Despite our feelings about the ethics of the statement and the context in which it was made, it did become widely notorious because of its built-in irony and simplicity. Since getting the details is about enabling people to explore all sorts of information, whether it concerns issues we know about but don't understand in detail or issues of which we know little or nothing, we're sure Donald won't be too upset if we use his phrase.
A. Exploring “known knowns”
Exploring things that we know we’re familiar with can help to build depth of understanding, particularly in relation to how things work or how they relate to a particular audience. Enabling people to interact with a familiar issue in greater depth serves to deepen their engagement with it. In each of the examples outlined below the audience has the opportunity to become a part of the journey, either by controlling the way the data are presented and how they relate to the interests of the audience, or by becoming part of the project by adding content to it themselves.
Making data meaningful
Even when governments publish their budgets every year it is very hard for most of us to make the mental leap required to grasp the huge figures involved and what they actually imply. In order for the transparency of government spending to have any meaning it needs to be translated into a relevant form, one that is useful to us. The Open Knowledge Foundation in the UK took the details of the annual government budget, starting with information from the Treasury, and transformed these data into something directly relevant. The result was an interactive website called Where does my money go?
The Daily Bread. Visualisation of how an invididual UK citizen's income tax is spent by the UK government. Source
Where does my money go? allows users to see the data directly and to map it on to regional spending, but it also makes the data directly relevant to the individual. One of the interfaces – The Daily Bread – enables users to slide a counter along a scale stating levels of annual income.
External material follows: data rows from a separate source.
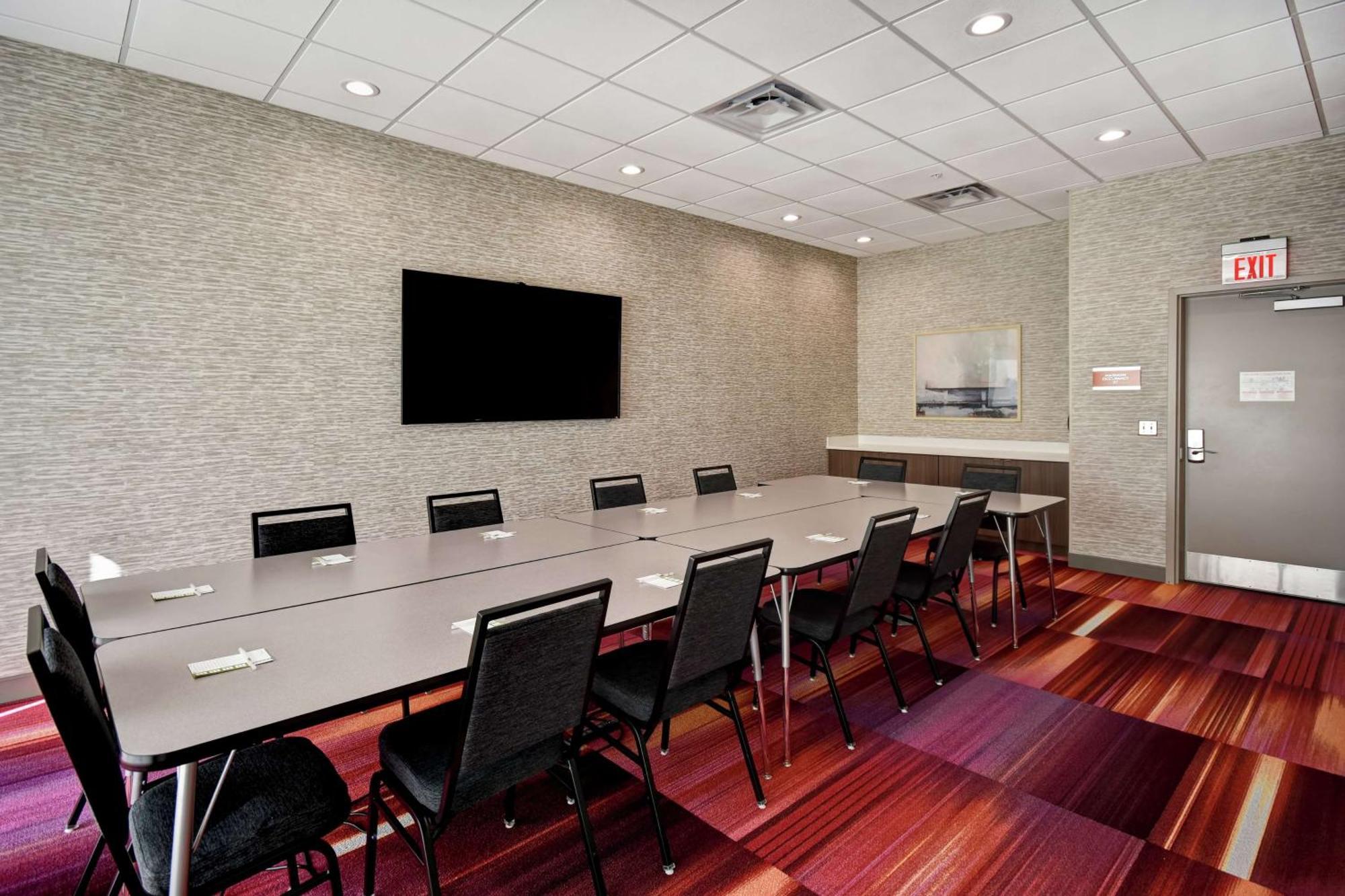 Home2 Suites By Hilton Columbus Downtown Exteriér fotografie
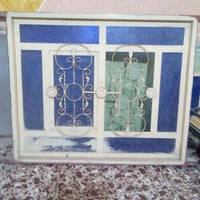 شباك طلاگتين • قديم • ثقيل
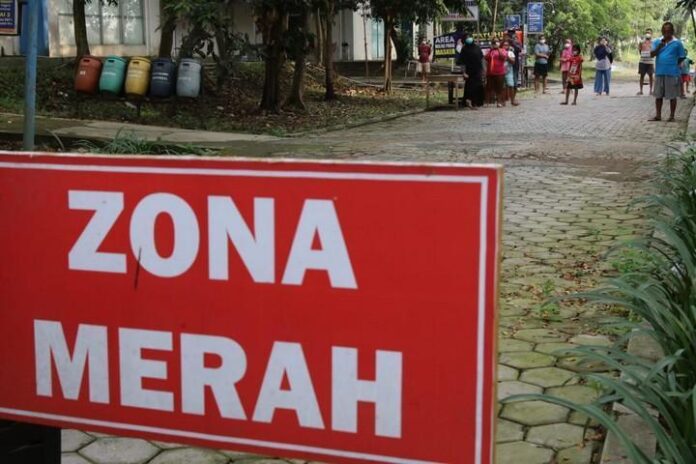 Zona Merah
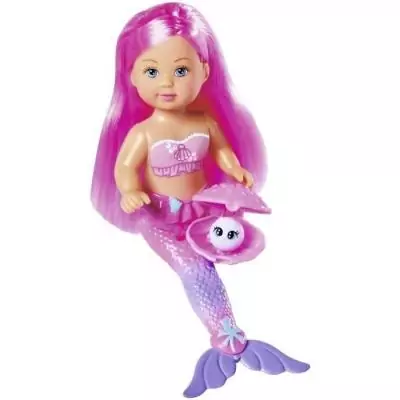 Découvrez SIMBA - Evi Love - Sirene et sa Perle - Poupée mannequin's dans STATION DE JEUX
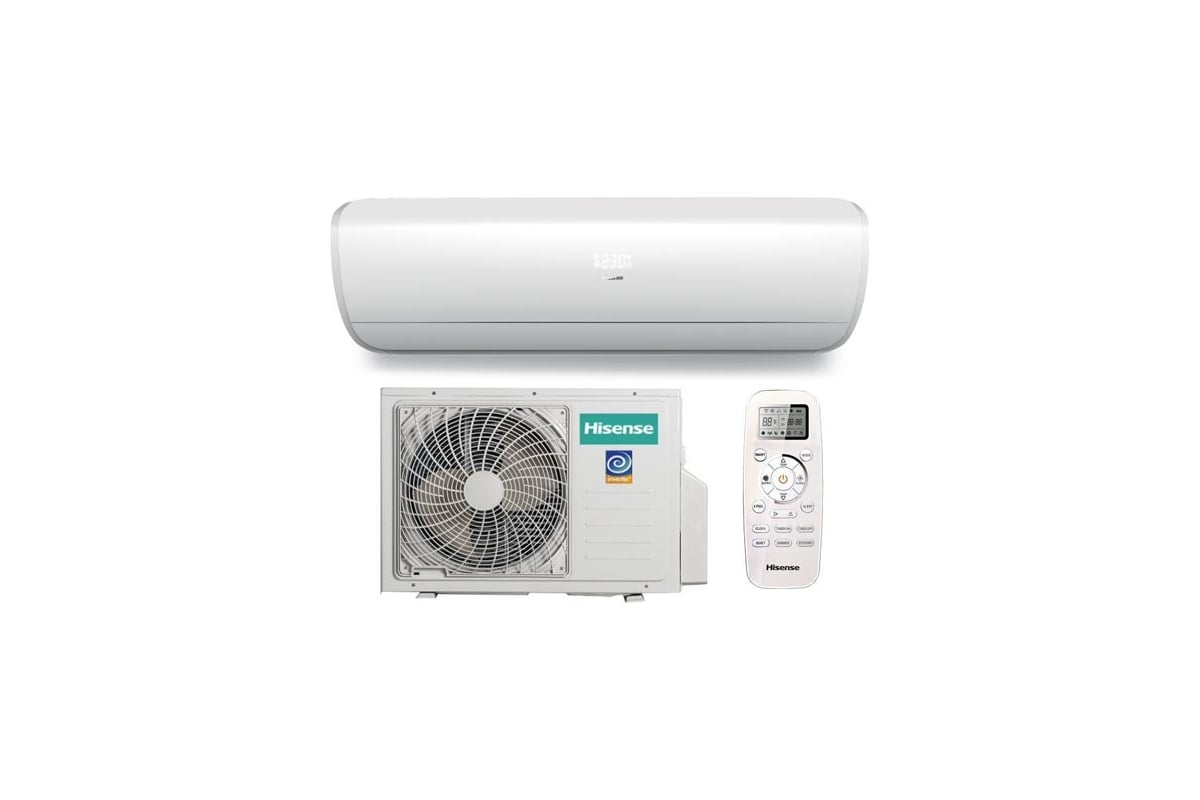 Кондиционер Сплит-система Hisense AS-13UR4SSXQB 01-207-301-0-501-064 -  купить по низкой цене | Сплит-система Hisense AS-13UR4SSXQB  01-207-301-0-501-064 с установкой в Москве: отзывы, характеристики,  инструкция, доставка по РФ.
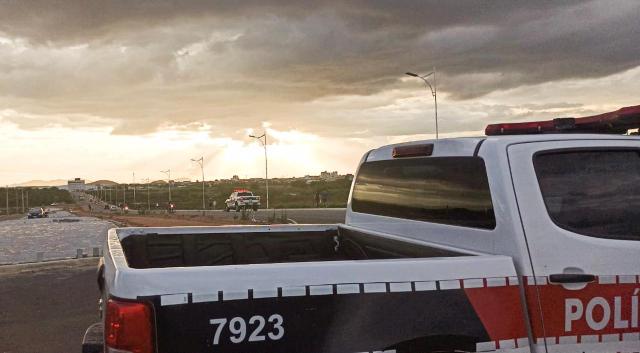 Polícia Militar cumpre mandado de prisão em Patos nesta quinta-feira (01)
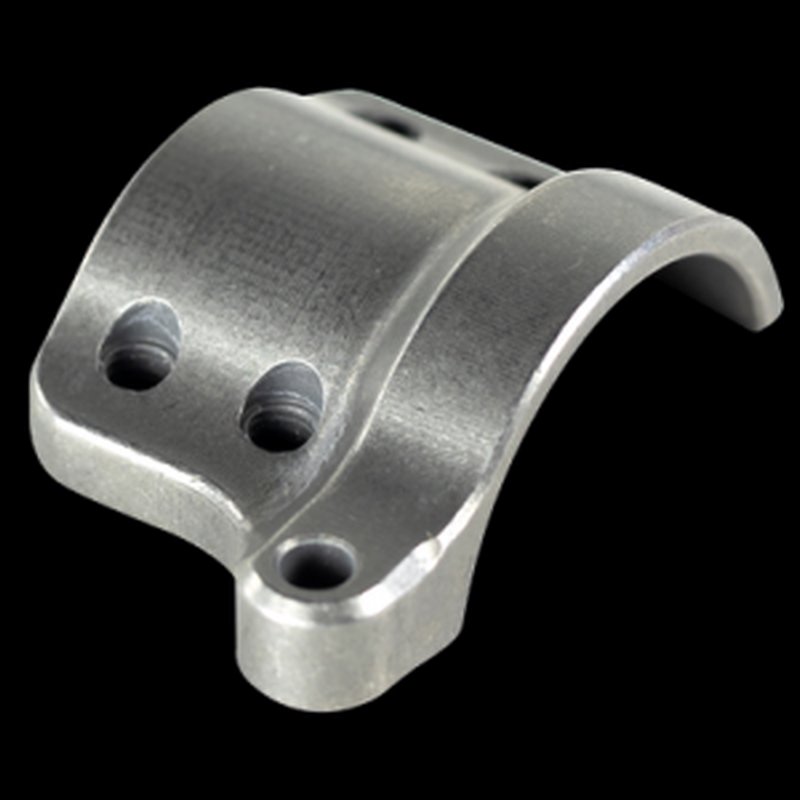 Samson Sling Point Gas Block 040610300 Silver (Pre-2007 Compatible)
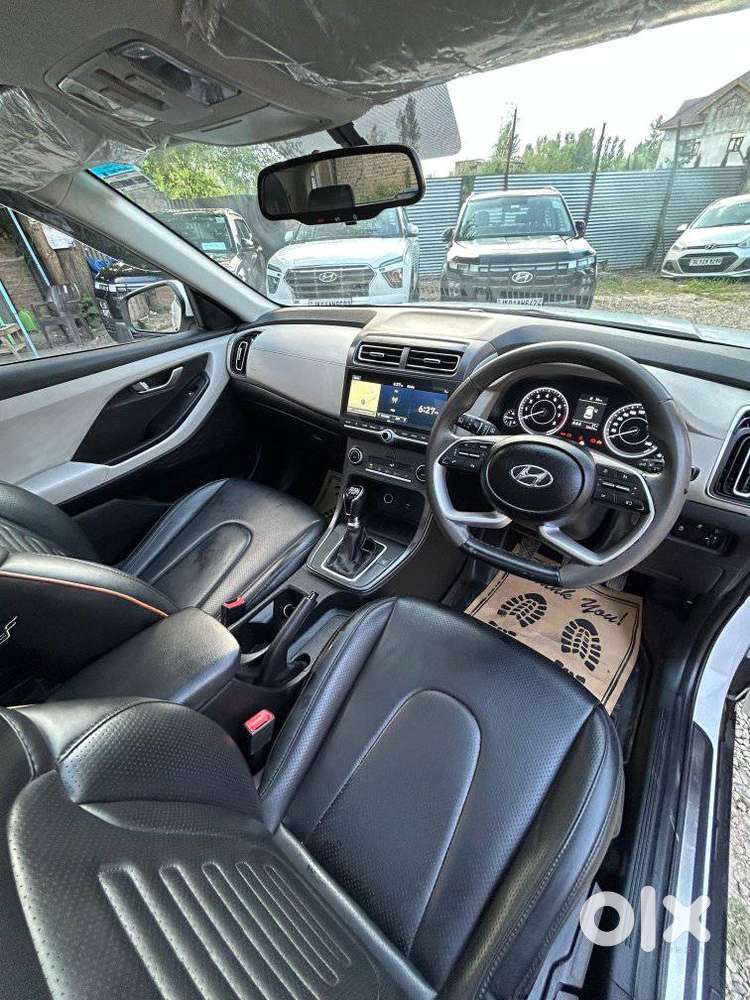 Hyundai Creta 1.5 Sx, 2023, Petrol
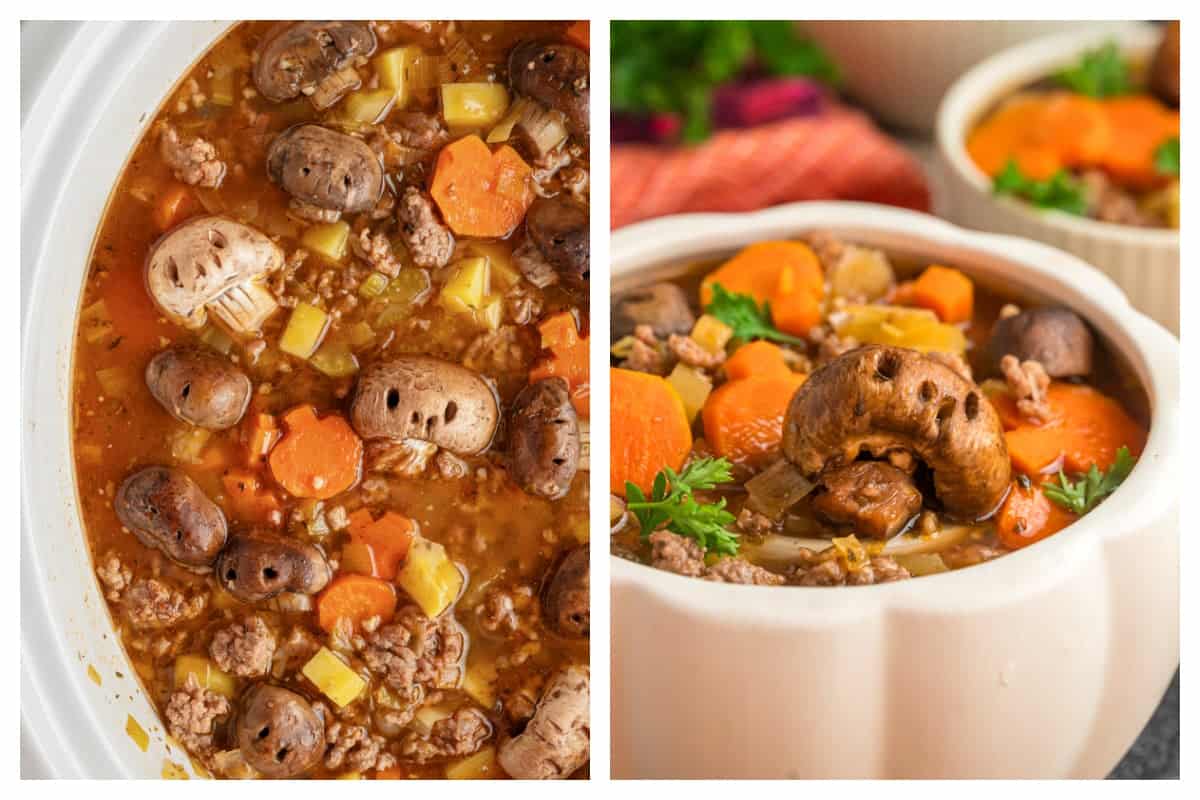 Witches Brew Stew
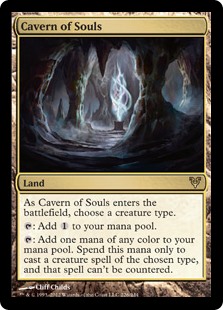 Cavern of Souls (Foil)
On the basis of this it shows the taxes paid at different levels of income, and how they are divided across different spending areas. The site provides details to the penny about how much of the money that people pay in taxes goes to which part of the budget each day. For example, of the taxes on a salary of £38,340 per year, £5.69 goes to education every day and £3.43 goes to running government.
This enables users to break down their personal contribution to running the country, something that can have two effects. First, it connects them more directly to what is otherwise an abstract and invisible deduction of funds from their income; second, it drives them to reflect more substantially on public services that they are not currently in need of, but may access in the future, such as health and old age services, or unemployment benefits.
Putting together the facts
Sourcemap. Supply chain of a laptop computer. Source
In some cases it is impossible to help audiences get the details without asking them to find the information themselves. This paradox is the premise behind Sourcemap, a website that enables its users to construct supply chains and calculate the carbon footprints of common products.
Sourcemap started as a tool to help students calculate the environmental impact of the materials they use in product design and grew rapidly into a platform for public transparency about manufacturing. Leo Bonnani, who founded the site, tells us: “One of the reasons we have been successful is that people within manufacturing and retail companies have been dying to get data on the impact of their practices, especially environmental and social impacts; they feel like that information has almost been withheld from them. Companies now ask us to help them figure out where they are buying things from and the impact of this, and what that means for sustainability of their products. For me that has been a focus – from the beginning it has been important – because it was about influencing decision-makers: the people who put products on shelves. Across the board I've seen that they don't have access to information to influence their choices.”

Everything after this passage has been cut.